Immunothrombosis as a mosaic of defense mechanisms, including the activation of nociceptors, endothelial cells, fibroblasts, tissue-resident macrophages, circulating platelets and neutrophils, and plasma innate immune cascade systems, leads to curtailing and compartmentalizing the damage, thereby giving way to tissue repair. However, when the triggering emergency cannot be handled in a tissue autonomous manner (due to the patient status, a severe polytrauma, and/or the use of cutting-edge medical strategies), the numeric and topographic race between DAMPs and PAMPs, and the well-developed local checks tips the balance towards a gradual or massive entry of biotic and abiotic molecules into the bloodstream. In this new infectious or sterile inflammatory context, the blood-born cascade and the neuroendocrine systems may be systemically dysregulated, thereby causing a systemic inflammatory response syndrome (SIR). Moreover, the activation of the autonomic nervous system results in a barrier dysfunction that may lead to multiple organ dysfunction syndrome (MODS) and sepsis [33].

Figure 4

Autologous fibrin matrix (AFM) is a by-product of nature’s own healing systems that involves blood anticoagulation and mild centrifugation steps followed for fibrin formation by restoring thrombin production.
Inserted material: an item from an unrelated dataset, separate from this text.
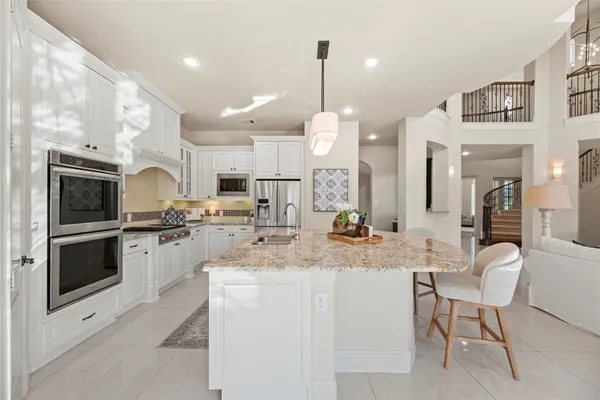 a kitchen with cabinets and chairs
The injected AFM into the damaged tissue operates as a liquid-to-gel dynamic scaffold that carries plasma- and platelet-derived growth factors, including TGF-β1, PDGF, VEGF, HGF, FXII, or IGF-1, as biological mediators for tissue repair. The gradual biodegradation of a fibrin clot mediated by the serine protease plasmin will release GFs that act as extracellular ligands by binding to transmembrane receptors on the surface of target cells, thereby activating intracellular signal transduction pathways to induce a wide range of cell specifications during inflammation and the healing process: cell survival, proliferation, migration, differentiation, transdifferentiation, maturation, and changes in protein synthesis and metabolism. These biologics are emerging as a promising therapeutic approach with antialgic, anti-inflammatory, trophic, antifibrotic, and tissue-specific angiogenesis effects. They are applied in sterile-inflammatory injuries such as osteoarthritis, tendinopathies, cartilage injuries, peripheral neuropathies, intervertebral disc degeneration, skin burns and ulcers, corneal ulcers, and dry eyes, among other conditions.